The headlines rolled by on Saturday morning. Tesla (TSLA) planned to recall 285K vehicles (all Models 3 and Y) in China due to issues with the cruise control feature. Apparently more than 249K of these vehicles were manufactured in China, while more than 35K were imported into the country.
The website for China's State Administration for Market Regulation explained that the recall is linked to an assisted driving function - cruise control - that could cause these vehicles to suddenly accelerate if activated accidentally.
The "fix" is software based and can be done online remotely. The question is really one of if this "black eye" is significant enough to damage the firm's reputation in China, which is of course a key market for Tesla needed to meet all of the firm's longer term goals, but also a market that has developed a number of domestic competitors in the field such as NIO (NIO) , XPeng (XPEV) , and Li Auto (LI) .

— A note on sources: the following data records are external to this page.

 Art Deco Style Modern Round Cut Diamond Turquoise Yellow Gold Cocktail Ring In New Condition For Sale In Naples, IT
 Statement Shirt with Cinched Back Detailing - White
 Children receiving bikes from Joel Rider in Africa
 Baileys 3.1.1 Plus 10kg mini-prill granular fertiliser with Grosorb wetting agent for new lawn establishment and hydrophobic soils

Wedbush five star (rated by TipRanks) analyst Daniel Ives, who is elite even among his five-star rated colleagues, responded to this news on Sunday by maintaining his "buy" rating on the stock of Tesla with a target price of $1,000. Ives is the only sell-side analyst that I have seen opine on Tesla since this news broke. Last week, Adam Jonas of Morgan Stanley (5 stars) and Mark Delaney of Goldman Sachs (4 stars) both put in their two cents with "buy" ratings and target prices of $900 and $860, respectively.
Ives was quoted in Barron's over the weekend stating that after what was seen as a disastrous start to the quarter for Tesla in China that "... the street is reading the tea leaves as bullish for the month of June with momentum into [the second half]. Ives sees 900K deliveries as still being a potential 2021 reality. This would be greatly increased from the 500K vehicles delivered in 2020, and well above the 825K or so vehicles that seem to be industry consensus.

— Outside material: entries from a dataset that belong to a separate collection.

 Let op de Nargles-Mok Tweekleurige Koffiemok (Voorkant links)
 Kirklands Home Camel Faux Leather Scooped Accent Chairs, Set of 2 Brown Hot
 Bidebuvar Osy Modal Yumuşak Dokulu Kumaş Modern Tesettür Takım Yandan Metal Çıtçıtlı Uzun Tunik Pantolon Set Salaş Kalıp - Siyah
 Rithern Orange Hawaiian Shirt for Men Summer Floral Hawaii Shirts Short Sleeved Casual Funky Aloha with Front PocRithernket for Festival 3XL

Don't forget that Dan Ives and much of Wall Street expects Tesla to benefit from the Biden administration's pivot towards cleaner greener energy and that any inclusion of charging stations for EVs (electric vehicles) that might be included in the currently under negotiation infrastructure bill, would remove one more reason for new car buyers to hold off on "going electric."

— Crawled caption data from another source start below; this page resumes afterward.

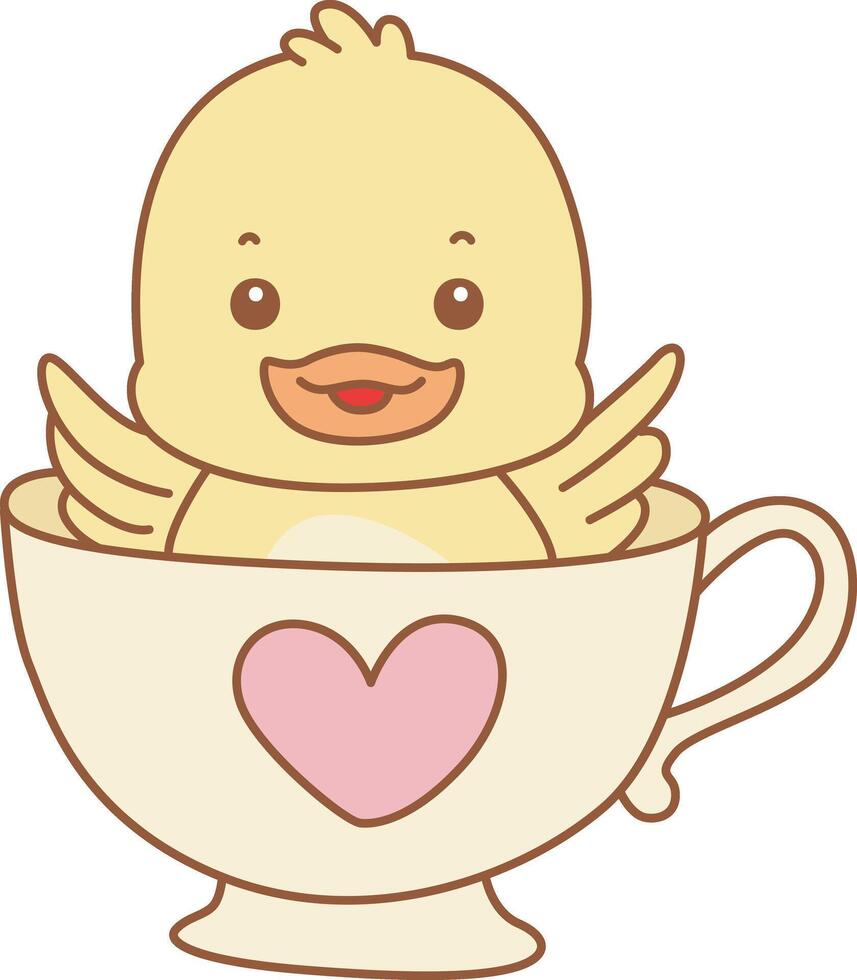 Baby duck stuck in the cup of tea. Cute Duck icon. Funny baby Duck animal series stock illustration. life of fluffy Duck designs. vector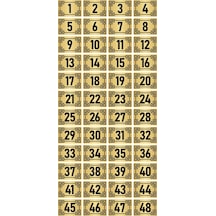 Metal Kapı Masa Dolap Numara Levhası 10x15cm Altın Renk 48 Adet (1…48)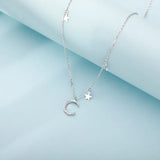 925 Sterling Silver Star Necklace Charm Zirconia Moon Pendant Choker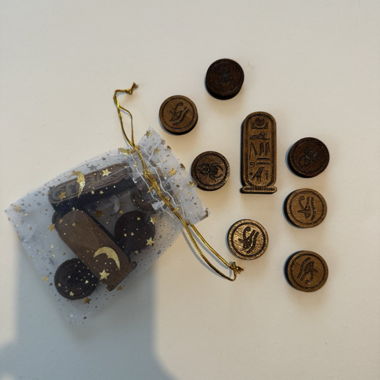 Pièces de jeu en bois Senet / Senet wooden game pieces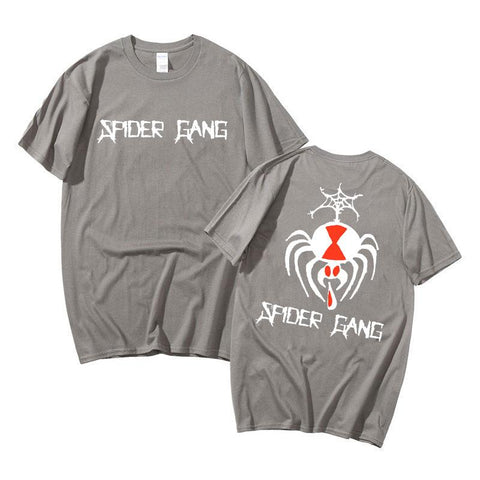 Fashion rapper Lil Darkie Spider Gang black double-sided T-shirt for men's Harajuku-Veeddydropshipping
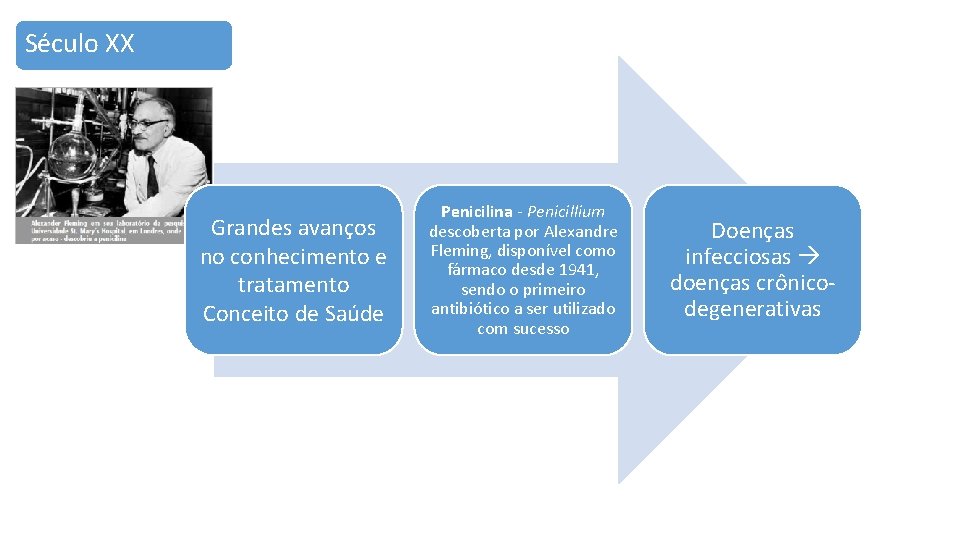 Século XX Grandes avanços no conhecimento e tratamento Conceito de Saúde Penicilina - Penicillium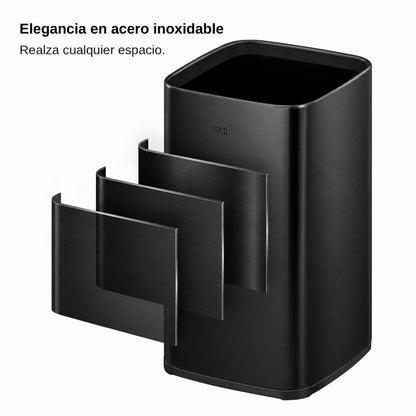 Bote de basura para baño 10L con tapa de basura de acero inoxidable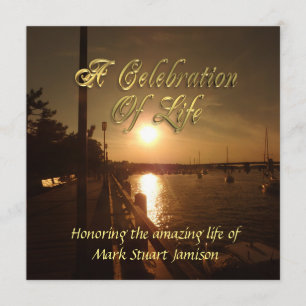 Celebration of life invitation Ocean Sunset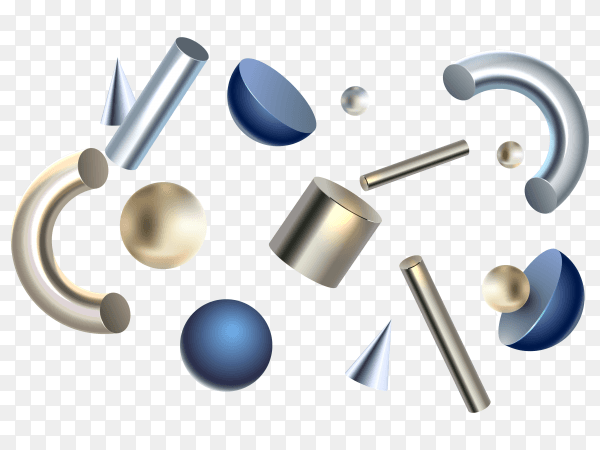 Anti gravity geometric shapes 3d effect vector PNG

While those upcoming numbers for deliveries are due as soon as this Thursday, July 1st, and that seems to be the driver for the suddenly reiterated bullishness coming from some of the the higher rated analysts following this stock, it will quite obviously be for the rest of us, a tradable event.
In addition, tomorrow... Tuesday June 29th close to mid-day, Tesla CEO Elon Musk will speak at the Mobile World Congress in his capacity as Chief Engineer of the still not publicly traded SpaceX. One never knows where Elon goes. Will he veer off? Speak of Tesla? Speak of a potential spin-off of Starlink, where Tesla shareholders would get a priority allocation? Let you know tomorrow.
Readers will see that TSLA broke out of a forming descending triangle to the upside, which is usually a bearish pattern. Some readers/viewers will recall that in early June I told TheStreet's Katherine Ross that I could not buy TSLA unless the stock could retake it's own 200 day SMA (then $602), as the shares were mired in what looked to be a period of weakness.
Well, the shares did retake that red line and I did grab a few for a trade, which I still hold. So, what now? What's the plan?
I am not selling anything on the China news. This is too small to be an investment, so I have to treat it like a trade. I will probably sell later this week after these two potential catalysts pass. While I would love to add and ride, that is not what trading is about. Trading is about ringing the register, and that's what I will do after I see the firm's delivery numbers and there is a reaction in the share price.
P.S... Don't ignore that upward gap created last week for too long.